# Collected data
◆ ◆ ◆

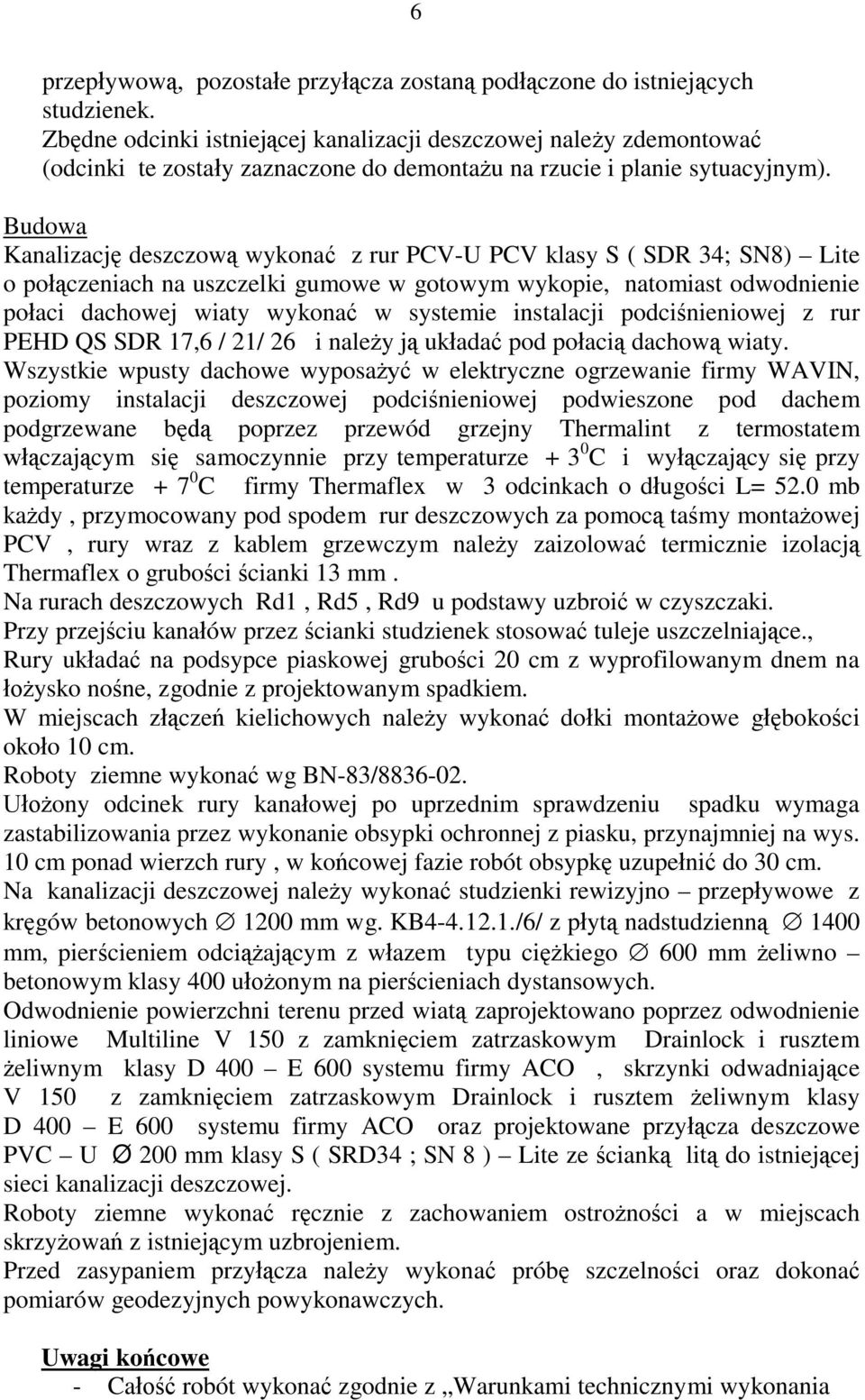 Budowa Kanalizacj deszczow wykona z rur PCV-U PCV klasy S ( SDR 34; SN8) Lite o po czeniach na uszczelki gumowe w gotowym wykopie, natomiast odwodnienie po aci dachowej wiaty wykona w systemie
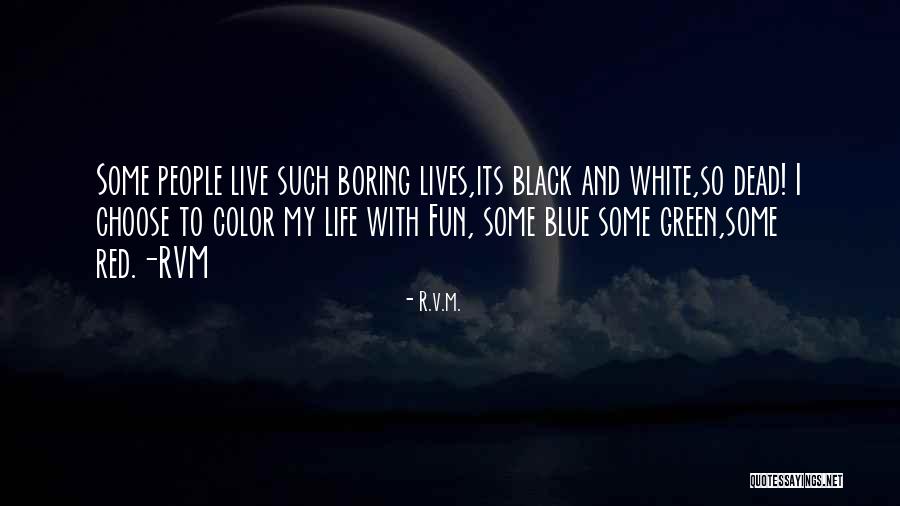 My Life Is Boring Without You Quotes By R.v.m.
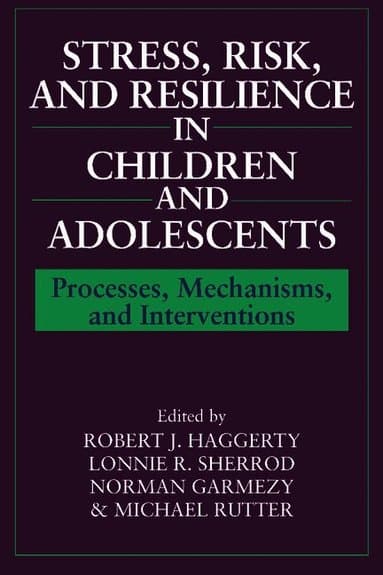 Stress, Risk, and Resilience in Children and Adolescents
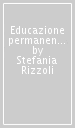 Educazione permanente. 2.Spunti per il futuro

◆ ◆ ◆

# Exercise directions
Every picture stays out; reproduce exactly the lines from the one with "Stress, Risk, and" through the last line of the data above.

# Solution to this exercise
 Stress, Risk, and Resilience in Children and Adolescents
 Educazione permanente. 2.Spunti per il futuro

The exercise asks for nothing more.